CarPlay Ultraは従来のCarPlayを大幅に進化させ、車両のすべてのディスプレイと深く統合された新しいユーザー体験を提供します。最も大きな変更点は、これまでセンターディスプレイのみに表示されていたCarPlayが、メーターパネル(計器クラスター)を含むすべてのドライバー向けスクリーンに対応するようになったことです。
「iPhoneユーザーはCarPlayを愛用しており、これまでも人々と車のつながり方を変革してきました。CarPlay Ultraでは、自動車メーカーと協力して車内体験をさらに統一的で一貫性のあるものに再構築しています」と、アップルの製品マーケティング担当副社長ボブ・ボーチャーズ氏は述べています。
CarPlay Ultraでは、スピードメーター、タコメーター、燃料計、温度計などの表示オプションが提供されます。ドライバーはiPhoneからのマップやメディア情報だけでなく、先進運転支援システムやタイヤ空気圧などの車両からの情報もメーターパネル内に表示できるようになります。

また、画面上のコントロール、物理ボタン、またはSiriを使って、車のラジオや空調などの標準的な車両機能に加え、オーディオシステム構成やパフォーマンス設定などの高度な車両固有の機能とコントロールも管理できるようになります。

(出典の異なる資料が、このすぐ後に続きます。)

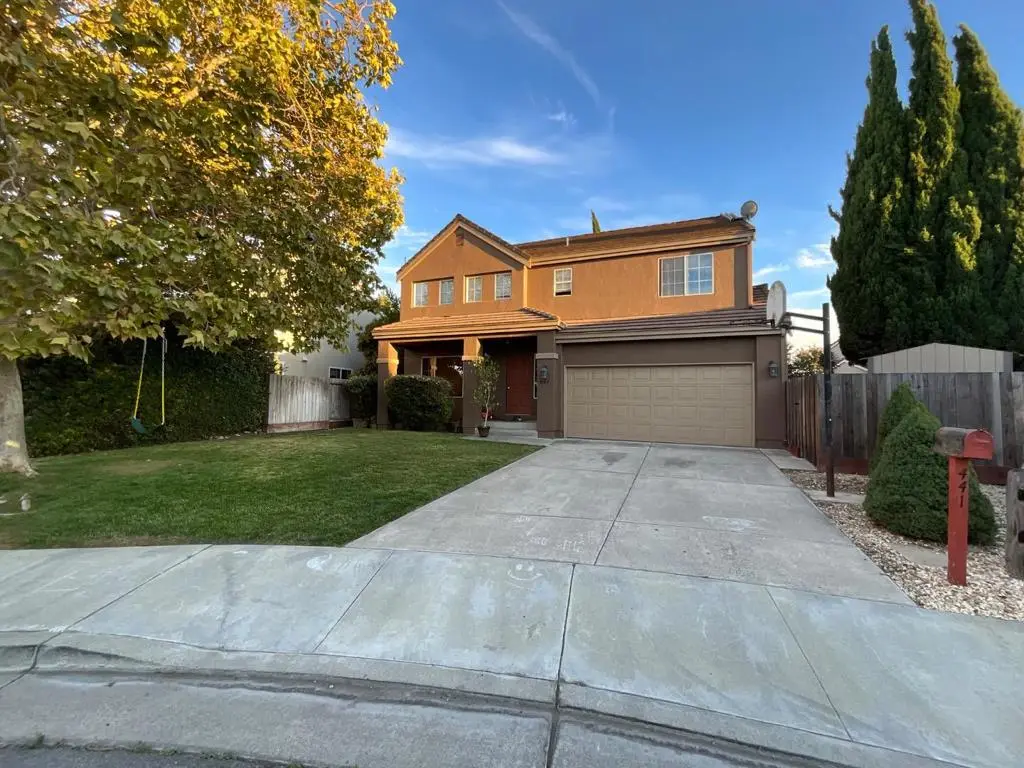 Single Family Residence for sale at 441 Verona Place, Hollister, CA featuring 4 beds and 3 baths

さらに、iPhoneが提供するウィジェットも車のスクリーンやゲージクラスターにフィットするよう設計されています。
CarPlay Ultraの大きな特徴は、各自動車メーカーと共同開発し、その車種や車両に合わせたカスタマイズされた体験を提供する点です。カスタムテーマはアップルと自動車メーカーのデザインチームが協力して作成され、ドライバーも色やウォールペーパーを自分の好みに合わせてパーソナライズできます。

「CarPlay Ultraを最初に導入できることを喜ばしく思います」と、アストンマーティンのCEOエイドリアン・ハルマーク氏は述べています。「自社開発の最先端インフォテインメントシステムをベースに、CarPlay Ultraは追加機能とパーソナライズの機会を提供し、同セクターでのインフォテインメントの最前線にアストンマーティンを位置づけています」と語っています。
CarPlay Ultraは、まず米国とカナダでアストンマーティンの主要モデルラインナップに導入され、今後12カ月以内にグローバルな車両にも拡大する予定です。
なお、CarPlay Ultraを利用するにはiPhone 12以降のモデルとiOS 18.5以降が必要となります。アップルによると、ヒュンダイ、起亜、ジェネシスなど世界中の多くの自動車メーカーもCarPlay Ultraの導入に向けて取り組んでいるとのことです。